Traffico di rifiuti pericolosi e ricettazione, 2 arresti e 7 indagati

Scoperta un’articolata attività di raccolta di rifiuti metallici inquinanti che venivano poi smaltiti in impianti non in regola e, quindi, rivenduti a terzi che li riciclavano.

Cagliari- I carabinieri del nucleo operativo ecologico regionale hanno eseguito un ordine di arresto ai domiciliari e un obbligo di dimora nei confronti di due persone per l’accusa di traffico di rifiuti pericolosi: i due raccoglievano e ricevevano rifiuti metallici inquinanti da contenitori non autorizzati, poi li smaltivano in un loro impianto a Decimomannu, in provincia di Cagliari, che non era provvisto delle necessarie autorizzazioni per il trattamento di rifiuti speciali. Infine rivendevano i rifiuti alle ditte che li riciclavano.

I militari hanno eseguito due ordinanze di custodia cautelare richieste dalla Dda di Cagliari e firmate dal Gip del capoluogo.
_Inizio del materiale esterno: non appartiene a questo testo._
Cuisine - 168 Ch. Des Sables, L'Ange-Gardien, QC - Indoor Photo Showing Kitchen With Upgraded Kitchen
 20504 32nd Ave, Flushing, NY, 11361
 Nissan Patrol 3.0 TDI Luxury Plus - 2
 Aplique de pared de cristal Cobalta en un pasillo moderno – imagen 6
I destinatari dei provvedimenti sono residenti a Uta e Cagliari e lavoravano per una impresa di trattamento e recupero di rottami ferrosi e metallici, pneumatici e rifiuti anche tossici e nocivi con sede a Decimomannu.

L’impianto, ma anche i conti correnti della società per un valore complessivo di oltre un milione di euro, sono stati sequestrati. Indagate a piede libero altre sette persone, tutte impiegate direttamente o riconducibili all’azienda di Decimomannu.

Per tutti le accuse sono quelle di associazione a delinquere finalizzata al traffico di rifiuti speciali pericolosi e ricettazione. Le indagini del Noe di Cagliari erano iniziate nel febbraio del 2020, quando era stato ispezionato l’impianto di Decimomannu. Spiega una nota dei carabinieri

L’impianto era formalmente autorizzato al recupero di rifiuti speciali, R.a.e.e., P.f.u., batterie esauste e altre tipologie di rifiuti, ma si sarebbero consumati illeciti riguardanti l’abuso a gestione di tali rifiuti pericolosi provenienti da circuiti di raccolta non autorizzati”

Secondo quanto accertato dai carabinieri, nell’impianto chiunque poteva conferire i rifiuti senza avere alcuna autorizzazione. Ai rifiuti venivano assegnati certificazioni false. “Avrebbero così avuto una nuova veste – spiegano dal Noe – in modo da poterli immettere sul mercato conseguendo un ingiusto profitto“. Il danno alle casse dello Stato ammonterebbe ad almeno 2 milioni di euro.